▶ _Stored data entries_
====

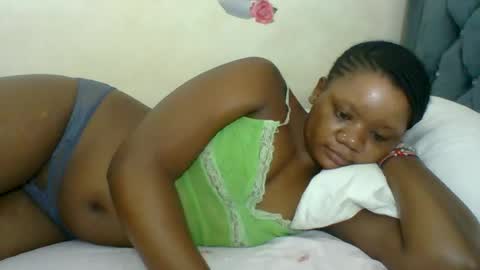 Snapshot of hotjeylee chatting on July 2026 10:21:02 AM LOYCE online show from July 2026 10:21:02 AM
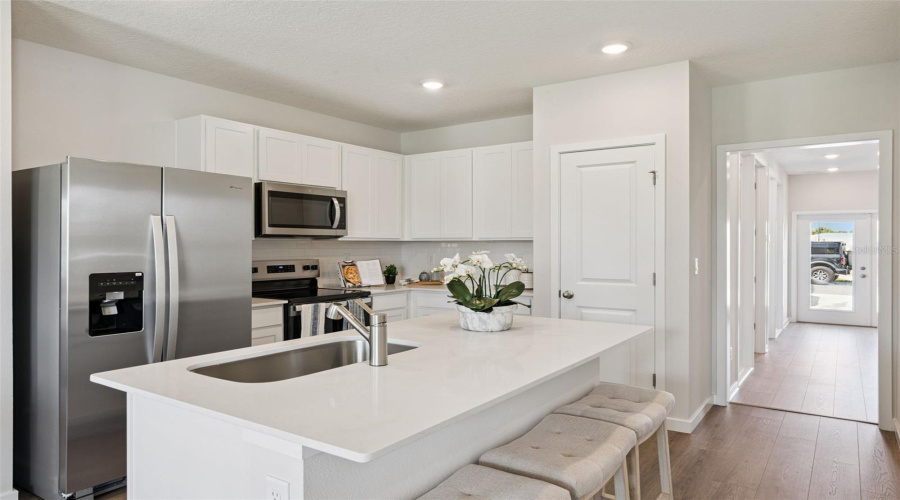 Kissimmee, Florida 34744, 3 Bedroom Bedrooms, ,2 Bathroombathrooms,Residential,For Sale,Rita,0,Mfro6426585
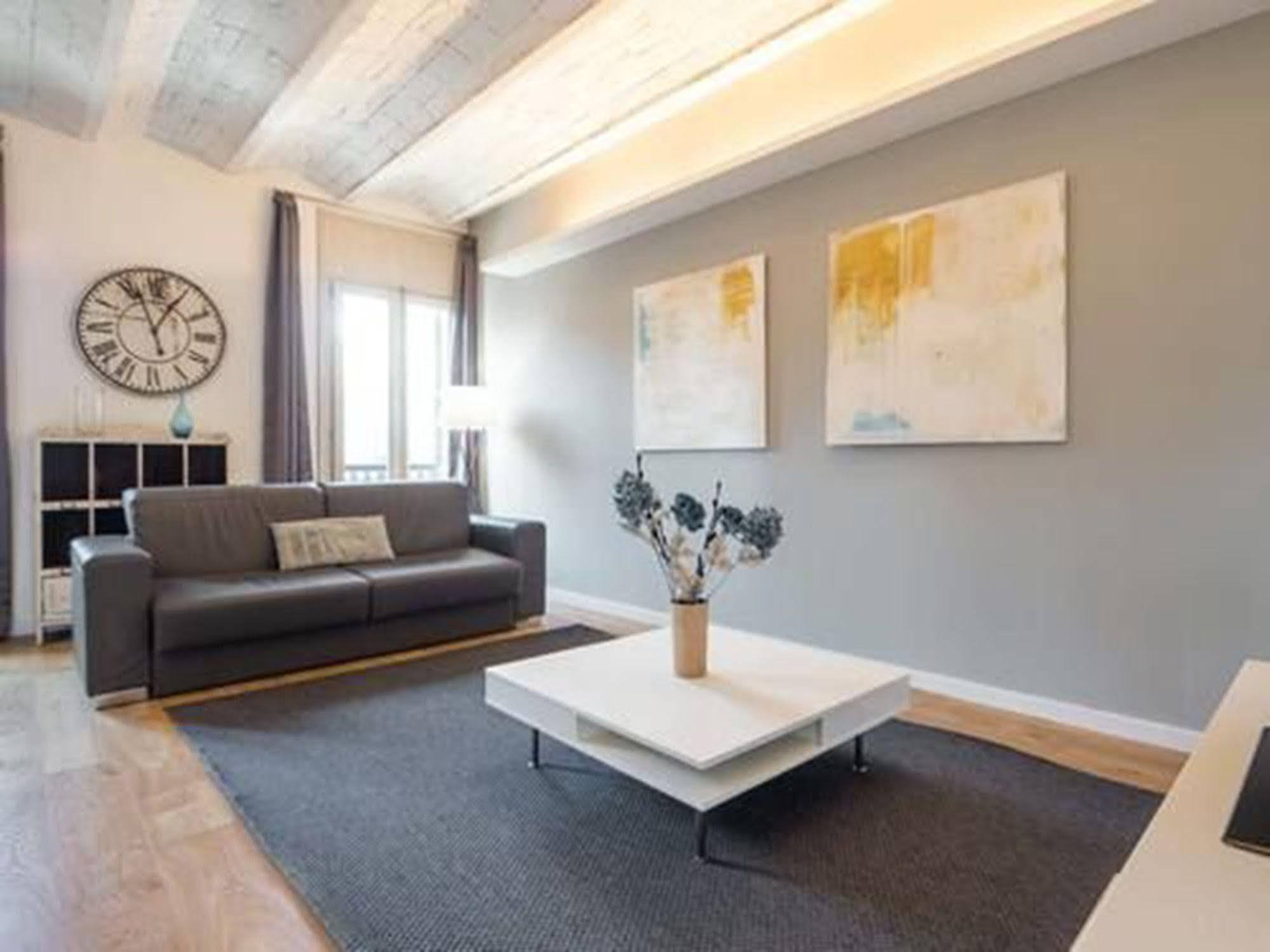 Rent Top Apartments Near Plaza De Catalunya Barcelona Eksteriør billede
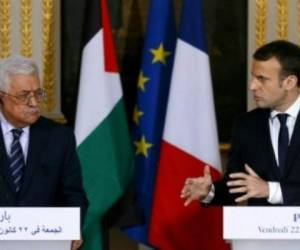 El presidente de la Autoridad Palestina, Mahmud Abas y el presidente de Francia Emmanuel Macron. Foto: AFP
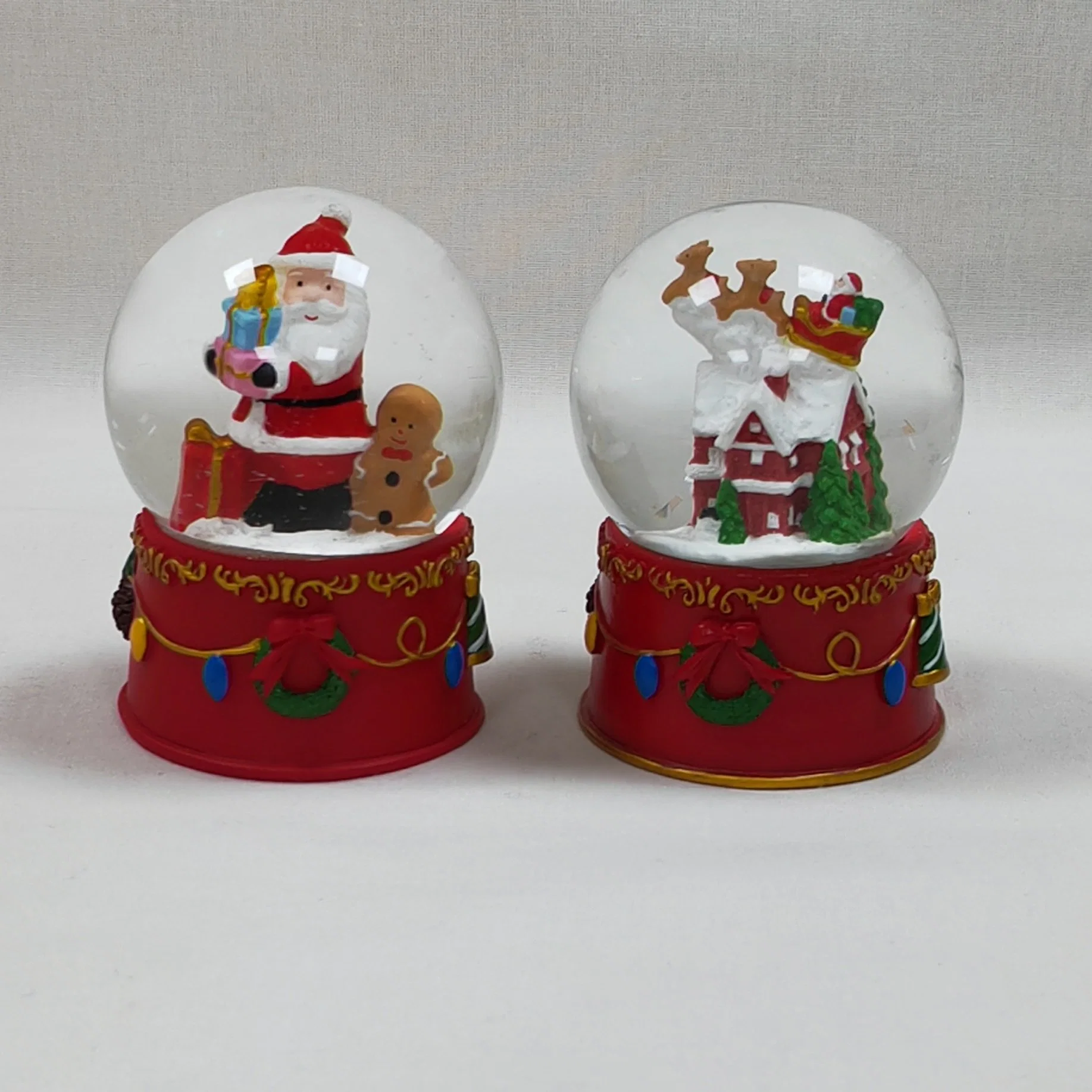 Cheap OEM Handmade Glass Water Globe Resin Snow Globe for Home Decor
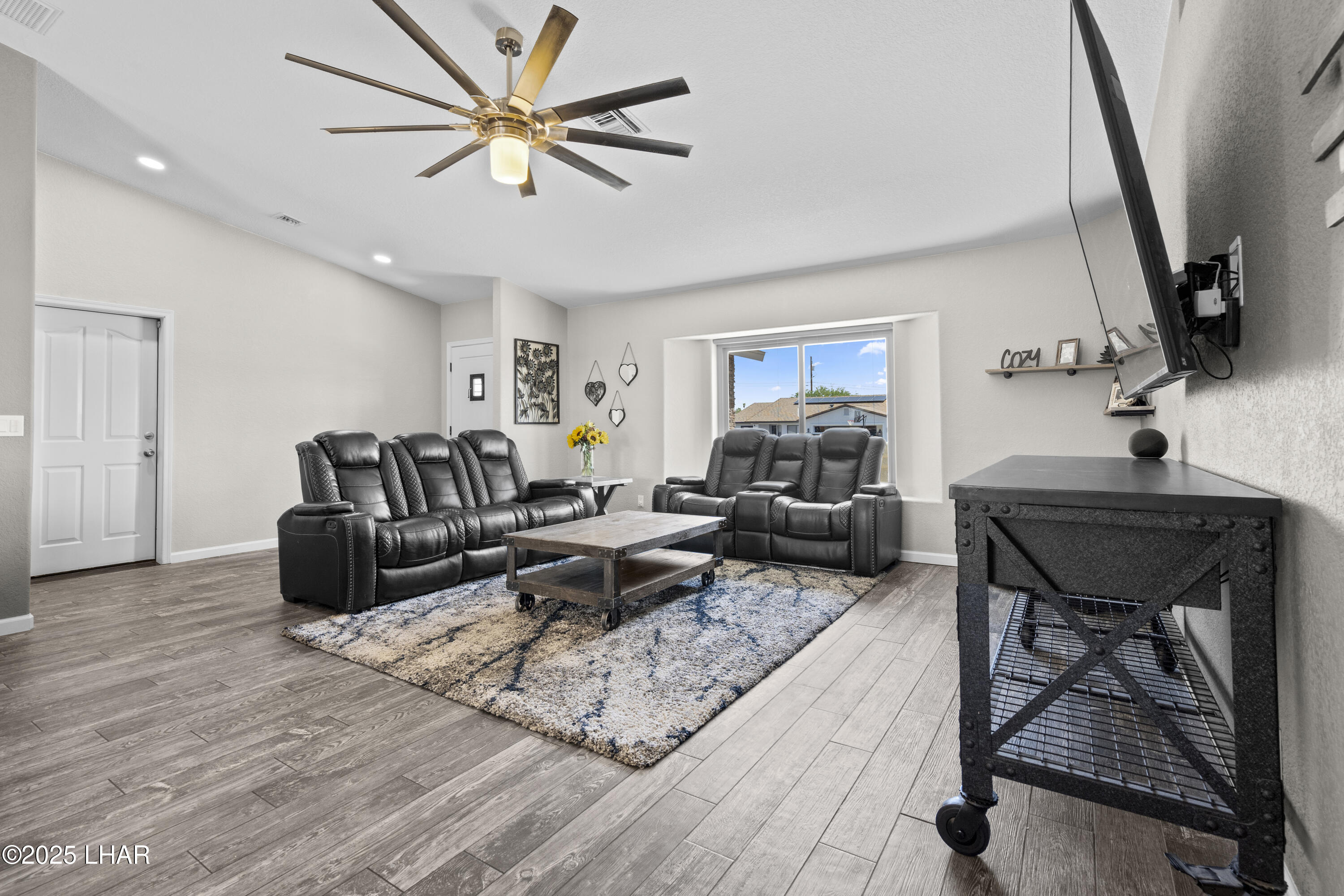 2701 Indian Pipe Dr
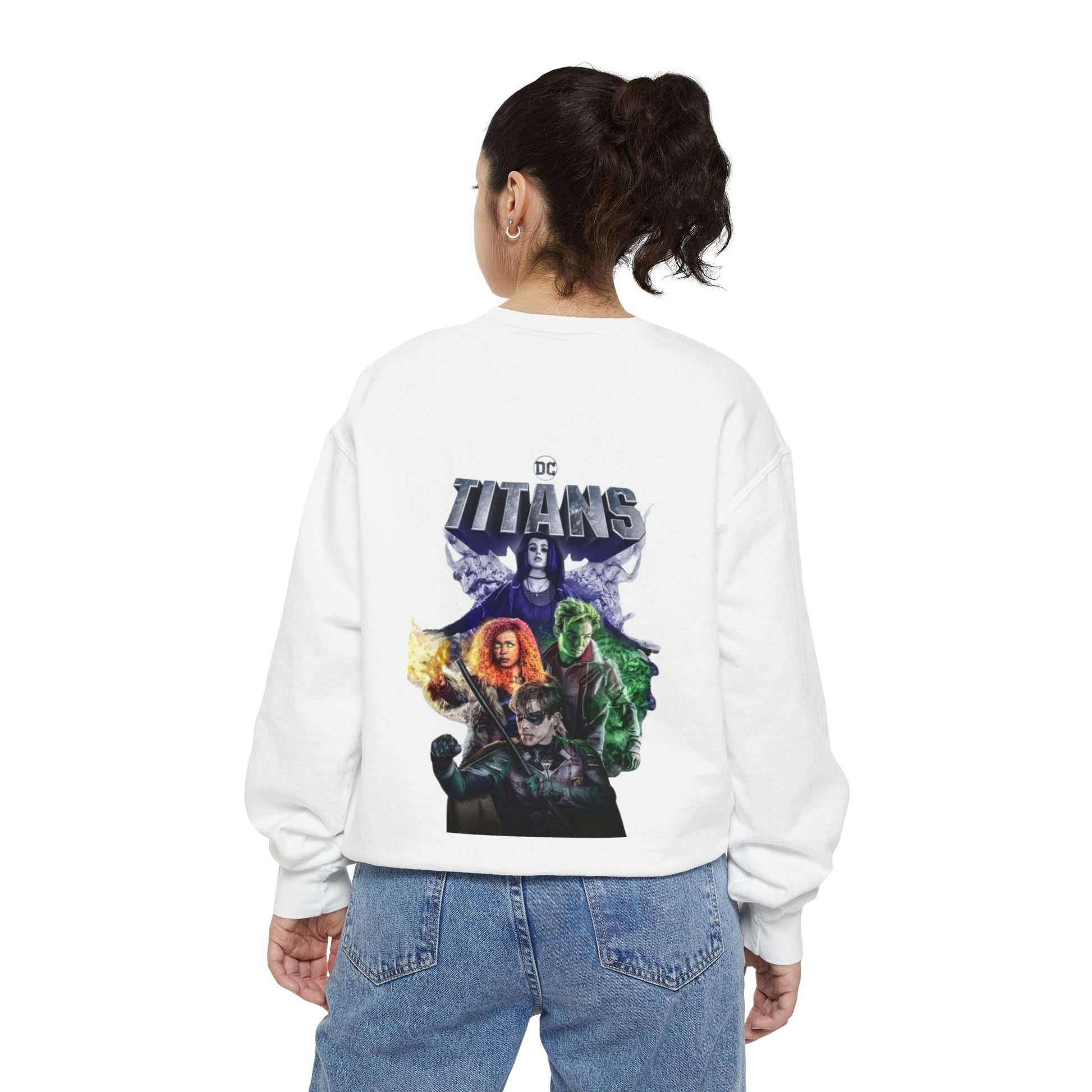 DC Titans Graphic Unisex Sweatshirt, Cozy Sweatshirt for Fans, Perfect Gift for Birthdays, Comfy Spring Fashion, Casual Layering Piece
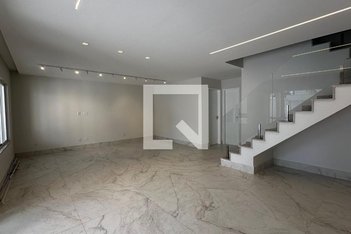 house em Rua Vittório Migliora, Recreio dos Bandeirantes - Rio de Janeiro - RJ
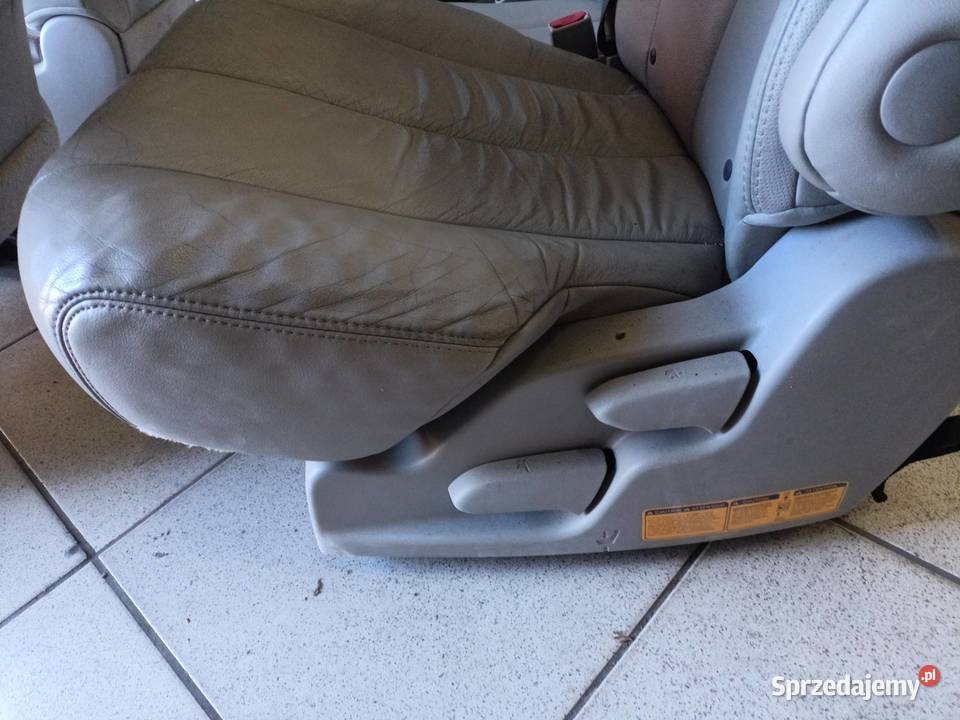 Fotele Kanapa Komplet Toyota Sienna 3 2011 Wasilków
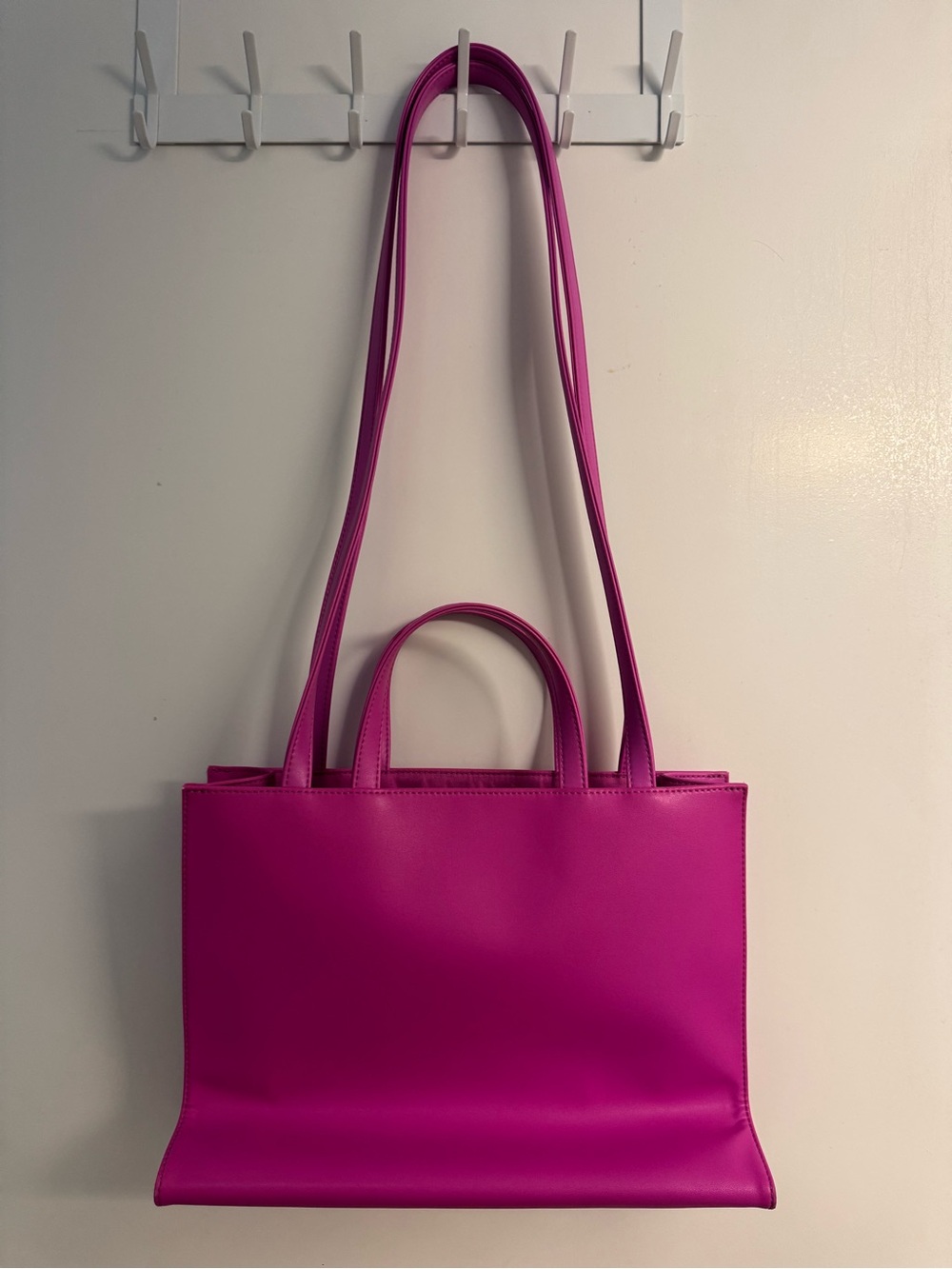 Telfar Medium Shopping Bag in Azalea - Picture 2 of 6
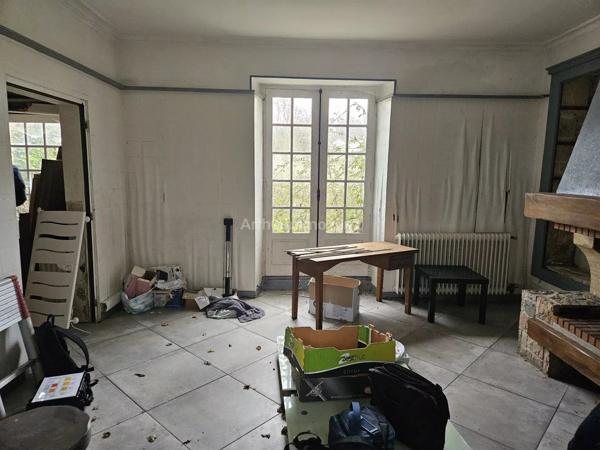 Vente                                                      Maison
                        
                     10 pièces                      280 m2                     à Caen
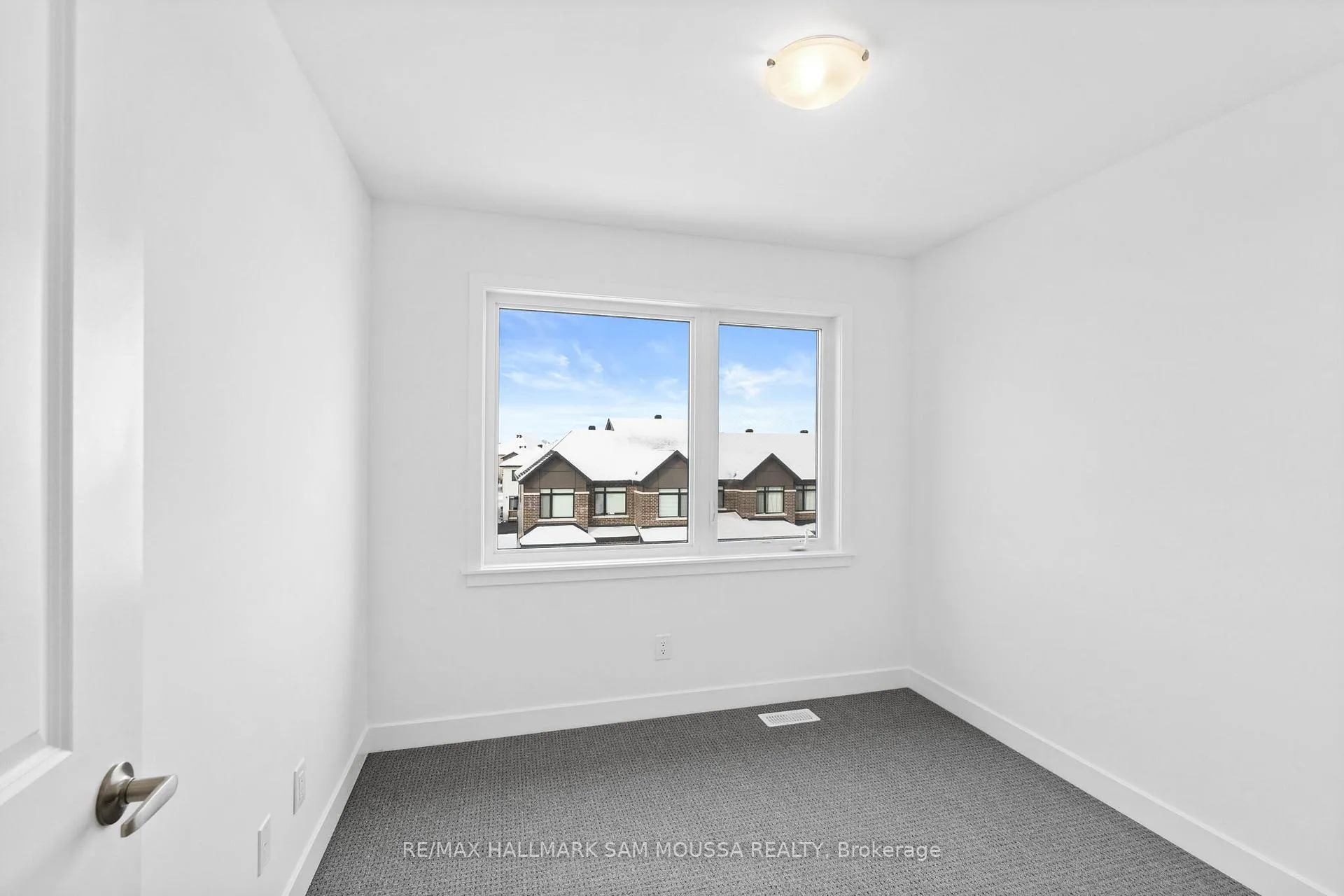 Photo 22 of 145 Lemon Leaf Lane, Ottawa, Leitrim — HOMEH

====

▶ _WHAT THE TASK ASKS_
The lines from the one containing "DC Titans Graphic" through the last line of the entries are to be copied exactly, both ends included, and the pictures are to be omitted.

▶ _RESPONSE TO THIS EXERCISE_
 DC Titans Graphic Unisex Sweatshirt, Cozy Sweatshirt for Fans, Perfect Gift for Birthdays, Comfy Spring Fashion, Casual Layering Piece
 house em Rua Vittório Migliora, Recreio dos Bandeirantes - Rio de Janeiro - RJ
 Fotele Kanapa Komplet Toyota Sienna 3 2011 Wasilków
 Telfar Medium Shopping Bag in Azalea - Picture 2 of 6
 Vente                                                      Maison
                        
                     10 pièces                      280 m2                     à Caen
 Photo 22 of 145 Lemon Leaf Lane, Ottawa, Leitrim — HOMEH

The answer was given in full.